Required work -
Please repeat exactly the line containing "The Lightweight Tote - Soft Sesame - Image 3" and each line after it in the records below, through the last.

*** Provided information Section Begins ***

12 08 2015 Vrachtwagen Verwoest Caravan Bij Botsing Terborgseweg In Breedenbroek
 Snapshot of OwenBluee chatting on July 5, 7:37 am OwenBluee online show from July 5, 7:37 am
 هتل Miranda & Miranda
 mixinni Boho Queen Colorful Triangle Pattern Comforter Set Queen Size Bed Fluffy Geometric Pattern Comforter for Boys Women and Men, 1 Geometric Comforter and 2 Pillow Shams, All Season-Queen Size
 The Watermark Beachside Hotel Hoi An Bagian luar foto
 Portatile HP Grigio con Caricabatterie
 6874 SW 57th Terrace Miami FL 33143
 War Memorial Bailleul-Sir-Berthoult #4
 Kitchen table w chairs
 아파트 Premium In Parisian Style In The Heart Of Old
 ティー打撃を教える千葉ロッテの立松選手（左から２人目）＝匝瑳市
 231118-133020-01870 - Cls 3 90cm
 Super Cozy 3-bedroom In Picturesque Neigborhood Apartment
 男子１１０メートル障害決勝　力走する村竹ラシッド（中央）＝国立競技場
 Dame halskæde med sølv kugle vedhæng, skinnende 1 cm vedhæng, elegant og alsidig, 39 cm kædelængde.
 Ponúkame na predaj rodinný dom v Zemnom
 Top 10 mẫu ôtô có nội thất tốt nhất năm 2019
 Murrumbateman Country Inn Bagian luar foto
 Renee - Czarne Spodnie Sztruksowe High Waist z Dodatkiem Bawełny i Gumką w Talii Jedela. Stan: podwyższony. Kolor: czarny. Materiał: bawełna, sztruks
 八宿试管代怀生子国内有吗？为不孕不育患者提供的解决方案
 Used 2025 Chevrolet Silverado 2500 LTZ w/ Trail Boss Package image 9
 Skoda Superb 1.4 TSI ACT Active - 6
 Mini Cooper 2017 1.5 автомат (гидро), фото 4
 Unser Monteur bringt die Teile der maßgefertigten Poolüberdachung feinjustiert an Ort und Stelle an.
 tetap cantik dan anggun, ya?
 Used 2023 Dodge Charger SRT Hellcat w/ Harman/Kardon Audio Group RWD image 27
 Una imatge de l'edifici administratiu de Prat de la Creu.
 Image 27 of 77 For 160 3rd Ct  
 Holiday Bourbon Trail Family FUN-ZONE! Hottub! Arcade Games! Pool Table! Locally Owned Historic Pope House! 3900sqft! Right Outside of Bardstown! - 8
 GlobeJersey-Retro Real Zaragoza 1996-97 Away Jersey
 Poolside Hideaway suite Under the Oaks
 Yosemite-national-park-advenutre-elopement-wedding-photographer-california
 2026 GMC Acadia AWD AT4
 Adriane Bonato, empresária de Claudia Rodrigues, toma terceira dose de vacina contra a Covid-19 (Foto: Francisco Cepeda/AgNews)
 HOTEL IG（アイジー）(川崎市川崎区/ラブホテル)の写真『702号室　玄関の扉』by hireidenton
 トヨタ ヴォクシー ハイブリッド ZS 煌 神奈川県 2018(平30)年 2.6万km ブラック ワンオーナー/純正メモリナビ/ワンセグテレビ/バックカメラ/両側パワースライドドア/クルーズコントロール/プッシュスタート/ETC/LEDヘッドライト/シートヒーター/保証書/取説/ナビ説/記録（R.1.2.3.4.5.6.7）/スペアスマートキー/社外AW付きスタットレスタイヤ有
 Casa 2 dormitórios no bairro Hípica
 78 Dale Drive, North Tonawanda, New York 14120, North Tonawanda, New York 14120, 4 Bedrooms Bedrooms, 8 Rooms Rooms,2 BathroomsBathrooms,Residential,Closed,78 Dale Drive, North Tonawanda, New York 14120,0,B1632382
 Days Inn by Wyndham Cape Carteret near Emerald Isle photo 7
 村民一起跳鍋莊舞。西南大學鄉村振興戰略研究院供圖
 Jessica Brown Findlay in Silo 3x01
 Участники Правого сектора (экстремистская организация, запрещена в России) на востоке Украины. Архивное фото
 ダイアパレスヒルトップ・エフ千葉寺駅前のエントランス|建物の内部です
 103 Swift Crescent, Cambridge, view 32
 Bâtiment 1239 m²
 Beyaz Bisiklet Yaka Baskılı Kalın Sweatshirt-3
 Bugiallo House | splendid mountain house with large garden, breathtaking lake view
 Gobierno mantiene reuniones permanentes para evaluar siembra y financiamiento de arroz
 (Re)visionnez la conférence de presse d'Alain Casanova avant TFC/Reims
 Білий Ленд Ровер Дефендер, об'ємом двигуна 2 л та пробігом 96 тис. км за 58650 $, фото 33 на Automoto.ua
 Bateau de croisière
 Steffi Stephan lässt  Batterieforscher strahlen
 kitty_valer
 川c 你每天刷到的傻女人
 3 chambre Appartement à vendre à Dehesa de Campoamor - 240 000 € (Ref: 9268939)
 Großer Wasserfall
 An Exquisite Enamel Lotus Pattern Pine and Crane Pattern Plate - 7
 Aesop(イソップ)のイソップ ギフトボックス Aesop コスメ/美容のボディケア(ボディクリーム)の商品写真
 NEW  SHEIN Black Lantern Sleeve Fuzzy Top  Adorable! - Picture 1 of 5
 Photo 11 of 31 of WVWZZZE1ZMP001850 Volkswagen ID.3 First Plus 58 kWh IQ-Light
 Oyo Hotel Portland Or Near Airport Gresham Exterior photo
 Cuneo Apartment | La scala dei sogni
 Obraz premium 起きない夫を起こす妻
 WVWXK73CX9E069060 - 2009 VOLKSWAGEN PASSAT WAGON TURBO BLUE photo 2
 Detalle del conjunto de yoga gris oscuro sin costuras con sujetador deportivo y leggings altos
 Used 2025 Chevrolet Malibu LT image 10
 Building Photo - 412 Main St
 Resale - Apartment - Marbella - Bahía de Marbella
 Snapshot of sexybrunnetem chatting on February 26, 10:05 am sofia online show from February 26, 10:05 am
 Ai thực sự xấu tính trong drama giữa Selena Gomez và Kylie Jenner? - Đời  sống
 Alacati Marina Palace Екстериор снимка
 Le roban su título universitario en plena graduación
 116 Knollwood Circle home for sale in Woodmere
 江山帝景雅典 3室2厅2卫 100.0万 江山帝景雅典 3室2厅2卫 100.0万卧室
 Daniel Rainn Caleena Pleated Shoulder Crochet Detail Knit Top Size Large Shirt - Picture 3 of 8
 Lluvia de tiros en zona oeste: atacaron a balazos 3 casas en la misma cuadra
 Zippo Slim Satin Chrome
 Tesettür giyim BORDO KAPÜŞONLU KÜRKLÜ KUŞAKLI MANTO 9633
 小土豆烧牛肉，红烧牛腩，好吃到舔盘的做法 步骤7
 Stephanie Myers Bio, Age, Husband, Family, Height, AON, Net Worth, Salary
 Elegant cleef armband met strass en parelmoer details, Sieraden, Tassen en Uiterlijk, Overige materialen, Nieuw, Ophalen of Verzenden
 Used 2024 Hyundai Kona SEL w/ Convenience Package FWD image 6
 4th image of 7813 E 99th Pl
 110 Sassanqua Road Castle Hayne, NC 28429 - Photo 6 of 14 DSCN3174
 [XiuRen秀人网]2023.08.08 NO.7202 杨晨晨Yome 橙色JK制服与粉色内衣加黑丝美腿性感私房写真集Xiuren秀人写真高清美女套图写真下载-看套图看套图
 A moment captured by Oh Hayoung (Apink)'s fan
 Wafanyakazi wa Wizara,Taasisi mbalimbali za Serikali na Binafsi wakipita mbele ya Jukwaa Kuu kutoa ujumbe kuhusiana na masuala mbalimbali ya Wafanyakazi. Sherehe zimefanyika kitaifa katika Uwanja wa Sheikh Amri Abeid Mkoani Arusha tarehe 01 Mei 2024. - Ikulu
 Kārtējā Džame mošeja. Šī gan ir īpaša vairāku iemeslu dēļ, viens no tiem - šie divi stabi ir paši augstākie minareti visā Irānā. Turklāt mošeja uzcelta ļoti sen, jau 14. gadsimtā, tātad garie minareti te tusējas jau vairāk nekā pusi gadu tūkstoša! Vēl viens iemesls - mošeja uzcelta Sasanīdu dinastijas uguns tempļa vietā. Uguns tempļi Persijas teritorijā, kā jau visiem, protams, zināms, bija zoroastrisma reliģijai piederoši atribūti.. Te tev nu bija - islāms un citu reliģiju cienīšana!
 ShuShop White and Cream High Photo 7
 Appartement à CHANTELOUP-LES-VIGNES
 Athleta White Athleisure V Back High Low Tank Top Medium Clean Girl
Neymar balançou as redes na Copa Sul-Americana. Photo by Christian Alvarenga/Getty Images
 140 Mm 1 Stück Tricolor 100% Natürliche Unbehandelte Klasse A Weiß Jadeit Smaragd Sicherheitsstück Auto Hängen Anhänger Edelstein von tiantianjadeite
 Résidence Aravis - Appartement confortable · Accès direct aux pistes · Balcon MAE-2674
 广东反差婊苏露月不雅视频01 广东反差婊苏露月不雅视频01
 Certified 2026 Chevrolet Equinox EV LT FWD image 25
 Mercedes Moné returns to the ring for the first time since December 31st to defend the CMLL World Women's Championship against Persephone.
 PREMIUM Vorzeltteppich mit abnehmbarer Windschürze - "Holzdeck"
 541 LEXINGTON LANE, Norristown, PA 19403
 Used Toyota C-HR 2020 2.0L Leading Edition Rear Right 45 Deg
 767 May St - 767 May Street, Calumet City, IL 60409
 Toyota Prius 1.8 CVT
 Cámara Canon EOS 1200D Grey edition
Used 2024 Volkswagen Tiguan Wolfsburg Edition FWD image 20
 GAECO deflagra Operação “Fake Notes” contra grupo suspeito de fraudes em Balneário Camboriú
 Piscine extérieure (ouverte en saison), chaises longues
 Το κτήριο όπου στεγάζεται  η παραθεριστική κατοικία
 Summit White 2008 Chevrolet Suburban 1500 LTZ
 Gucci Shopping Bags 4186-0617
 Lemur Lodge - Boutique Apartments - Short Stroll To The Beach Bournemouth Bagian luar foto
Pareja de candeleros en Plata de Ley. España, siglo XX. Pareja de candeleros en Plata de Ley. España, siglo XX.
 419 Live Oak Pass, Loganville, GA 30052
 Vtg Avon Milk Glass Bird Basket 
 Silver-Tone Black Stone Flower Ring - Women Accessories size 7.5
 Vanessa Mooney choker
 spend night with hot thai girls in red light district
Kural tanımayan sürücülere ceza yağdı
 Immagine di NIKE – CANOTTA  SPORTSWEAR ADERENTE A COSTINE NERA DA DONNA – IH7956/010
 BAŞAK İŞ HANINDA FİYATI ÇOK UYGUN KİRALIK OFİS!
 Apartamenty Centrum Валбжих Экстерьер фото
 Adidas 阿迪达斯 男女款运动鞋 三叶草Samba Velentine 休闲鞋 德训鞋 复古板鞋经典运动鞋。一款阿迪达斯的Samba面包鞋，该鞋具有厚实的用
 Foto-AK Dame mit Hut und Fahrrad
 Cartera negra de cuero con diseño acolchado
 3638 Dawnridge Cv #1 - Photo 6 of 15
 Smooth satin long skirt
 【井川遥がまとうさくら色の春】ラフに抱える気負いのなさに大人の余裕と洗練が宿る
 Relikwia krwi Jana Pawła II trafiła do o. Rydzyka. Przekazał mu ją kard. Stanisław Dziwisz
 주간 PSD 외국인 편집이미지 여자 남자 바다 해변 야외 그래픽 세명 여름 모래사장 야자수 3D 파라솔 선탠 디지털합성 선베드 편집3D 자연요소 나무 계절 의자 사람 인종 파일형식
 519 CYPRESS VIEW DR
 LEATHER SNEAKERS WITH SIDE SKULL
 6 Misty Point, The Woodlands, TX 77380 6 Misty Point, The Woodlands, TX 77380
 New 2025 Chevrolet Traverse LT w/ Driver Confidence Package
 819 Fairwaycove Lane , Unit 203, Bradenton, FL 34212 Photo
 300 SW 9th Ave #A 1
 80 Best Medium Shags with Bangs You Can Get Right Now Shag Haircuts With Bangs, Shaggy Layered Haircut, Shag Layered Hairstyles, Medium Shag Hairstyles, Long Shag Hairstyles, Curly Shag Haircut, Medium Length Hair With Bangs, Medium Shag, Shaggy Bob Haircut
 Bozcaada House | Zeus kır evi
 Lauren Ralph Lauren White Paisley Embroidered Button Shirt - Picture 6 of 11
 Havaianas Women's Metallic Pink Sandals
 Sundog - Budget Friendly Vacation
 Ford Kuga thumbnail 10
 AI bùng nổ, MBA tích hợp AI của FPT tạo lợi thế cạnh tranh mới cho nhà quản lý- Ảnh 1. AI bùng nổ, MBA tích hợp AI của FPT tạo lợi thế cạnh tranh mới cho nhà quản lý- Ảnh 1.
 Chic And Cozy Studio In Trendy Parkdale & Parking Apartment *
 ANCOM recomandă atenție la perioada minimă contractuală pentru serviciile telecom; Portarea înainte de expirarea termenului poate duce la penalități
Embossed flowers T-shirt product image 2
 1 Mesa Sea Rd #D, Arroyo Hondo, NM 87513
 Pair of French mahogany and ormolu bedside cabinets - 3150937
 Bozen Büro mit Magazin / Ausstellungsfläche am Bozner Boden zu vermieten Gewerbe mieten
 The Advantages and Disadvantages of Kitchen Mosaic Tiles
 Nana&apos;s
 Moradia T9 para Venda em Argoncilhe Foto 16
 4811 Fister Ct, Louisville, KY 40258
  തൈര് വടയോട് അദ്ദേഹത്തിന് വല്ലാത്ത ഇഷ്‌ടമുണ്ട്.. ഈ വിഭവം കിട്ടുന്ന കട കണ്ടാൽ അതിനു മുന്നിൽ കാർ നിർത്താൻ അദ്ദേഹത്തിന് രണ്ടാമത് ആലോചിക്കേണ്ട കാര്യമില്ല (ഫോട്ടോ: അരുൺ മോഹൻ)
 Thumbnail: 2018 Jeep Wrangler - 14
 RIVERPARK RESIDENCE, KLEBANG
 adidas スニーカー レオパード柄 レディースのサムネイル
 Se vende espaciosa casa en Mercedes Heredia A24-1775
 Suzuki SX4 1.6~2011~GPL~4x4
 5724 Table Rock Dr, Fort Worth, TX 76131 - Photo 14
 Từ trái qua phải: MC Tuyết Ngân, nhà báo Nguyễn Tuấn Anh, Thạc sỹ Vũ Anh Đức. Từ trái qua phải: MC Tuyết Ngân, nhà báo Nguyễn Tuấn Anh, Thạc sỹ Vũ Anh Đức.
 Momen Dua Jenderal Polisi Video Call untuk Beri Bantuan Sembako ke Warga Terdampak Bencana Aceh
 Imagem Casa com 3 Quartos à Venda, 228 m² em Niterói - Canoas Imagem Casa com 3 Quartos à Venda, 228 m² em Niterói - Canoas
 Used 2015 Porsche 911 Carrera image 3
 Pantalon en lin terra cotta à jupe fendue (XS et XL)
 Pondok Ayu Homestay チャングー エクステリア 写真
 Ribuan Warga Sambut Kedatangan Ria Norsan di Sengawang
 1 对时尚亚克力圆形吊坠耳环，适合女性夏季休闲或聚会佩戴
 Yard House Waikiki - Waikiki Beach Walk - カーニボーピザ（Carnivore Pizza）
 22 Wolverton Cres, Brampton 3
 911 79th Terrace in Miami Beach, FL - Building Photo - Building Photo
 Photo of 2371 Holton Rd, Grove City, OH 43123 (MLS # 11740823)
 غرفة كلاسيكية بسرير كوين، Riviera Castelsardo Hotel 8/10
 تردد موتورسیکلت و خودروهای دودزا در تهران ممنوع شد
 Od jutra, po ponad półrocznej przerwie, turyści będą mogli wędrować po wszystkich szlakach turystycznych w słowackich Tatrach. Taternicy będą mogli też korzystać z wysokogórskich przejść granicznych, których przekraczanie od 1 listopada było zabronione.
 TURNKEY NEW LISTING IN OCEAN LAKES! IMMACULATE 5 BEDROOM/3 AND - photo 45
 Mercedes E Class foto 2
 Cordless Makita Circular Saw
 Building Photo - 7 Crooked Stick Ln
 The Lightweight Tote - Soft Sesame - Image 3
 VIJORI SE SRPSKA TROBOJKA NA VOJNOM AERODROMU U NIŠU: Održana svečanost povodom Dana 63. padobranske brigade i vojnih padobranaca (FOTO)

*** Provided information Section Ends ***

Problem solution -
 The Lightweight Tote - Soft Sesame - Image 3
 VIJORI SE SRPSKA TROBOJKA NA VOJNOM AERODROMU U NIŠU: Održana svečanost povodom Dana 63. padobranske brigade i vojnih padobranaca (FOTO)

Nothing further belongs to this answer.